I chose a Backroads hike in the Southwest, which cost $2,298 for six days and five nights in Santa Fe and Taos, N.M. That included hotels, transportation, and nearly all meals--basically everything but airfare. (Industrywide most prices range from $1,000 to $6,000 a week.) If you go on vacation to avoid small talk, this is not for you--most active travel is done in groups of about 20, plus two guides. Everyone hikes together, eats together, and stays at the same hotels. In one week I was prodded for my life story at least six times and had no more than three hours a day to myself. That one-big-happy-family approach is why the trips are popular among women, especially women traveling alone.
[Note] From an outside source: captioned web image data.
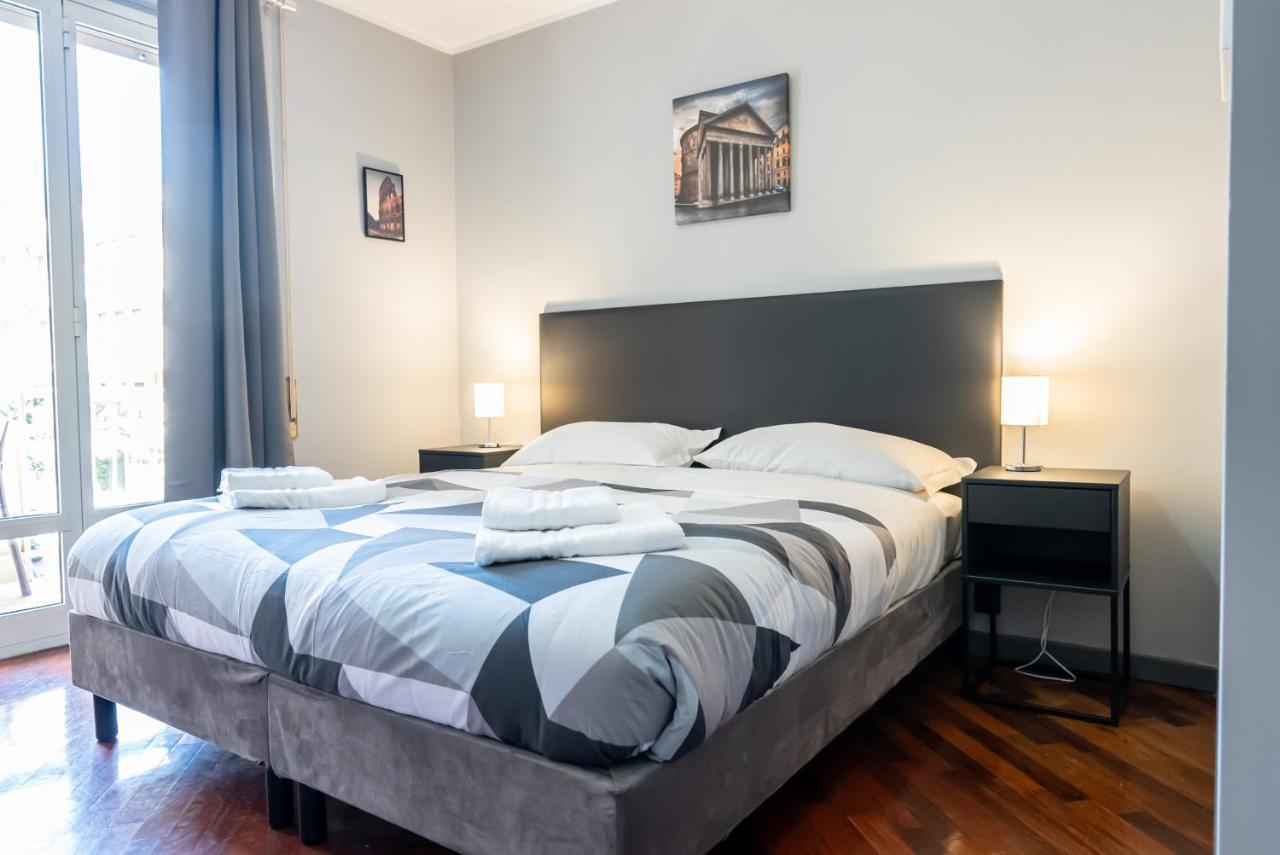 Trastevere Guestrooms Rom Eksteriør billede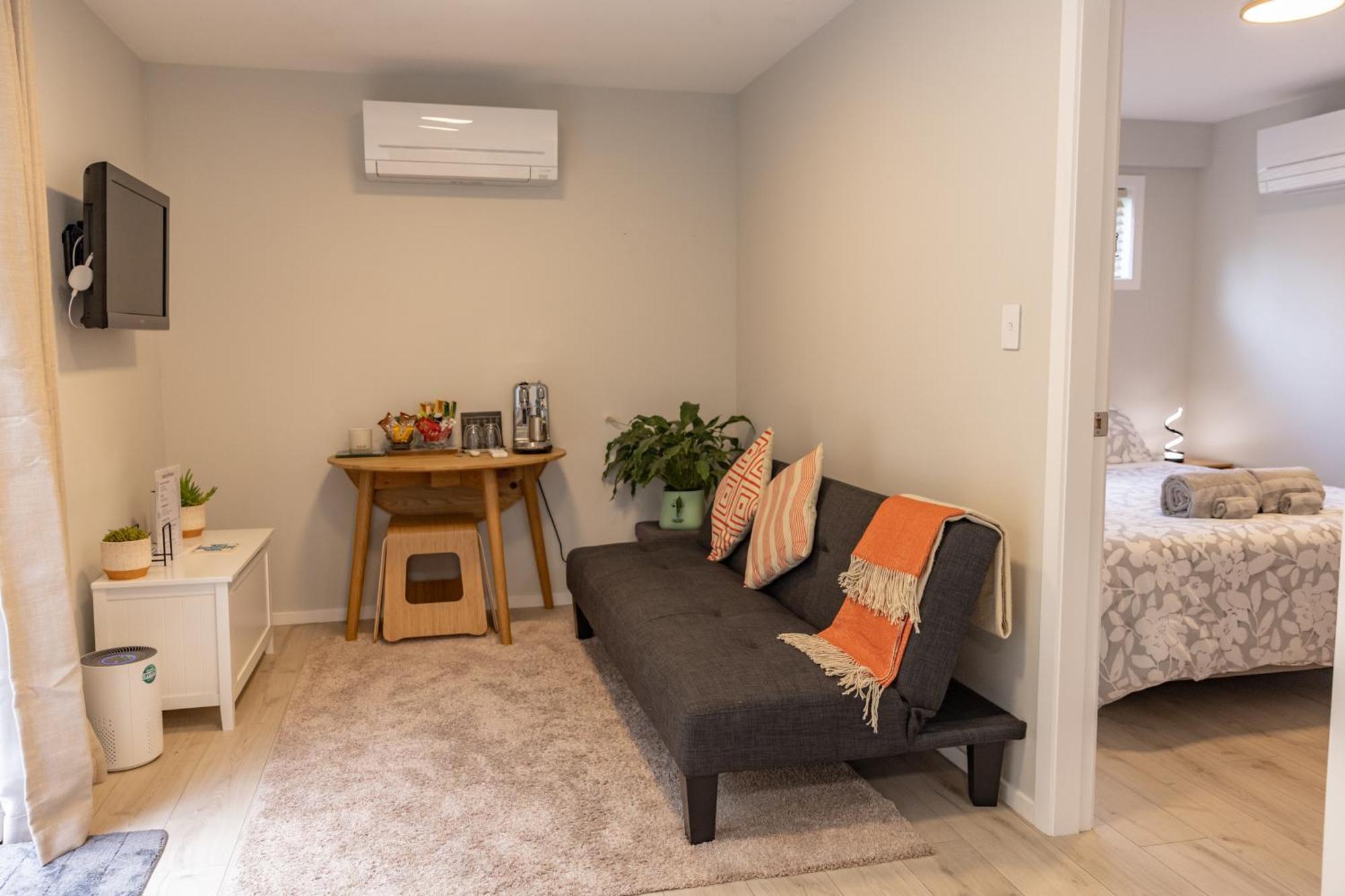 Back Garden Flat With Free On Street Parking And Fiber Wifi - 15 Mins To Ferry, Stadium, Cbd Веллингтон Экстерьер фото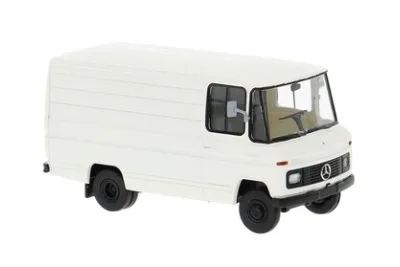 Brekina 36852: MB L 406 D Kastenwagen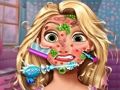 Žaidimas „Goldie Princess“ odos gydytoja  internete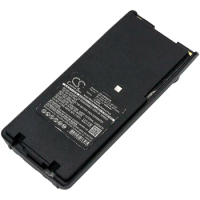 Replacement Battery for Icom BP-210N, BP-222, BP-222N 7.2V/mA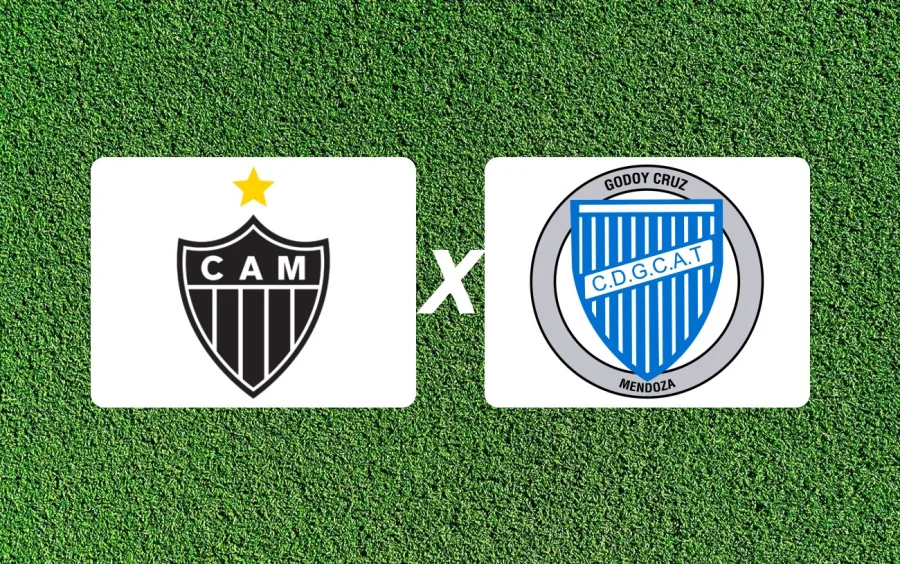 Atlético-MG x Godoy Cruz: Onde assistir e palpite para o jogo da Sul-Americana (14/08)
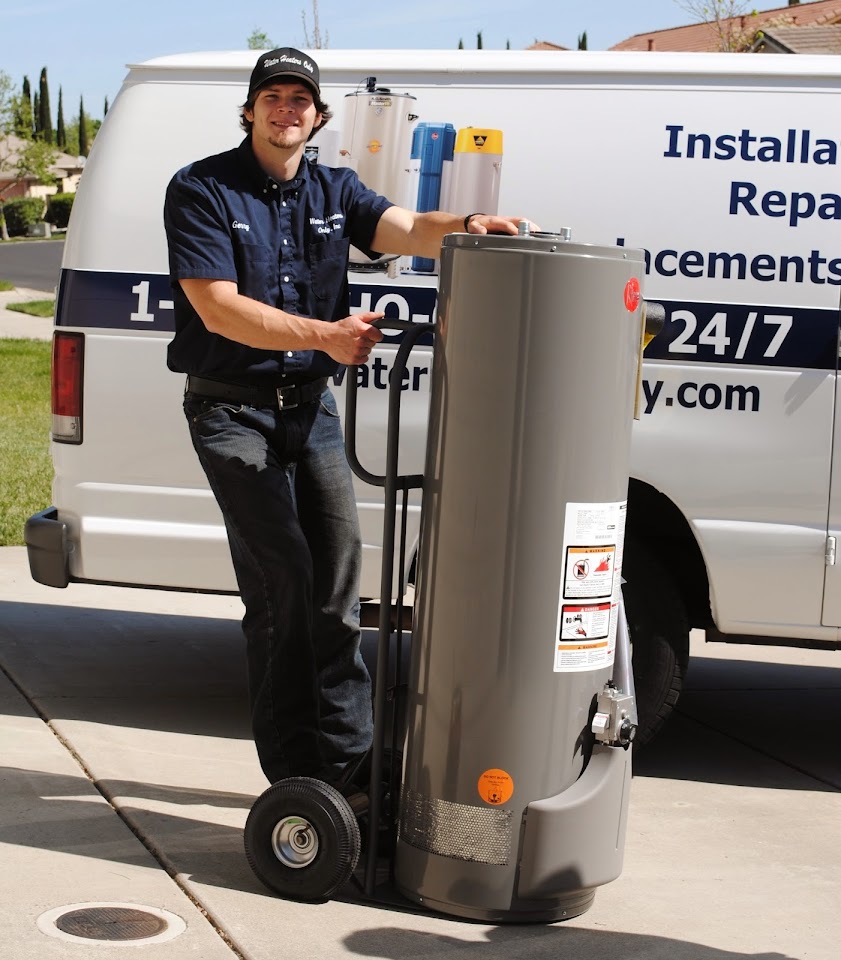 Water Heaters Only, Inc. project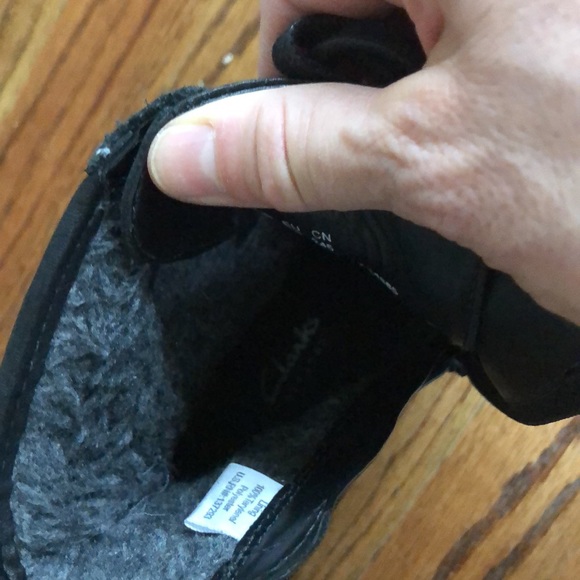 Clarks combat boot - Picture 9 of 10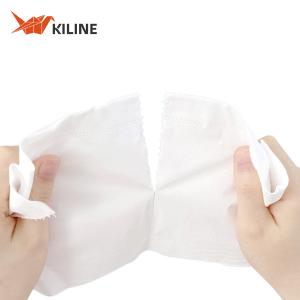 China Hygienic Soft Bathroom Tissue Paper Rolls Toilet Paper Convenient 50gsm/Roll wholesale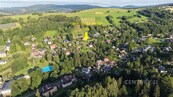 Prodej stavebního pozemku pro chalupu i rodinný dům v Jizerských horách, cena 2450000 CZK / objekt, nabízí CENTURY 21 Premium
Across all its trips, Backroads says, 54% of its customers are women; on mine, it was 75%.

On our first day we gathered in a Santa Fe hotel lobby. The group ranged in age from 27 (me) to 69, with the majority in their mid-40s to mid-50s. The brochure told us that we would be hiking from 1.5 miles to eight miles a day, and many of us were nervous about how tough the terrain would be. The brochure also recommended that we "walk or hike at least three times a week and for at least one hour on each outing" in advance of the trip, but I had been too busy. The youngest in the group, I figured that if I ran out of energy, I would let shame propel me up the hill.

Our guides, Tim Nenninger, 38, and Annie Girard, 30, showed up at 9 A.M. and loaded our luggage into their trailer, towed by one of the two 15-passenger vans that would carry us to and from our hikes. (Unlike some inn-to-inn hiking options, particularly in Europe, Backroads trips don't involve walking to the inns each day; instead there's a fair amount of van travel to and from the trailheads.) Becoming a Backroads guide is more competitive than you'd think: Thousands apply each year for about 80 slots. They're chosen less on physical fitness--a given in this group--than on social skills and leadership. Once selected, they go through a three-week training course, shadowing veteran guides and learning CPR and first aid and, of course, how to drive those big vans. Both Tim and Annie could identify any bird that flew by, explain the life cycle of a piñon tree, and recommend coffee shops in Taos.

The first day's hike was at Bandelier National Monument, a 1.6-mile warmup to help us adjust to being 7,000 feet above sea level. As we explored the Tsankawi ruins, cave dwellings inhabited by the Anasazi tribe until about the 1500s (all the hikes on my trip offered points of cultural or geographic interest), I could feel my heart thump against my rib cage, which strained to pull enough oxygen from the thinner air. Even the gym worshipers among us were stopping to catch their breath.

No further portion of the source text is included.